夏の「涼」を雑木で楽しむ
やわらかな木陰で、地表を涼しく
空に向かって枝葉を広げる樹木は、日差しをさえぎり、木陰をつくってくれます。そうすることで、人にとって心地良いだけなく、地表が熱くなるのも防いでくれるのです。たとえば、直射日光に照らされたアスファルトは、熱を蓄積して街全体の温度を上げてしまいます。住まいの周りに雑木の庭をつくることは、地表を涼しく保ち、涼しい夏をもたらしてくれます。
木陰の風が涼しくなる空気循環
夏の暑い日に、大きな木の下で涼風を感じたことはありませんか。
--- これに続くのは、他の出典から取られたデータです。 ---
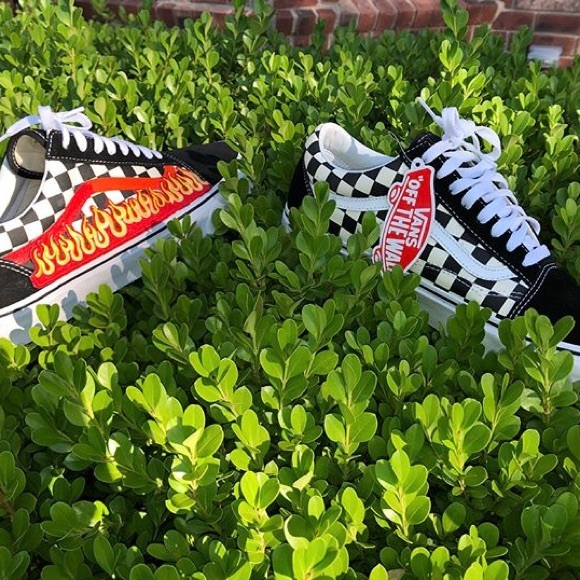 Custom vans - Picture 5 of 5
実は、陰だから涼しく感じるのではなく、実際に「風の温度」が低いのです。風の流れは、温度差の影響を受けて循環します。樹木の日陰に上空の冷えた空気が降りてきて、温度の高い日なた側に抜けていきます。そして、また空に上がっていきます。つまり、空気の循環によって、木陰には常にひんやりとした風が吹き抜けるのです。
葉からの蒸発による気化熱の発散
夏になると、樹木は自らの体温が上昇しすぎないように、たくさんの水を葉から蒸発させます。根から吸収した水分を蒸発させることで、樹木の温度を下げるだけでなく、周りの熱を逃がしてくれます。こうした自然の知恵は、人間にも恩恵をもたらせてくれるのです。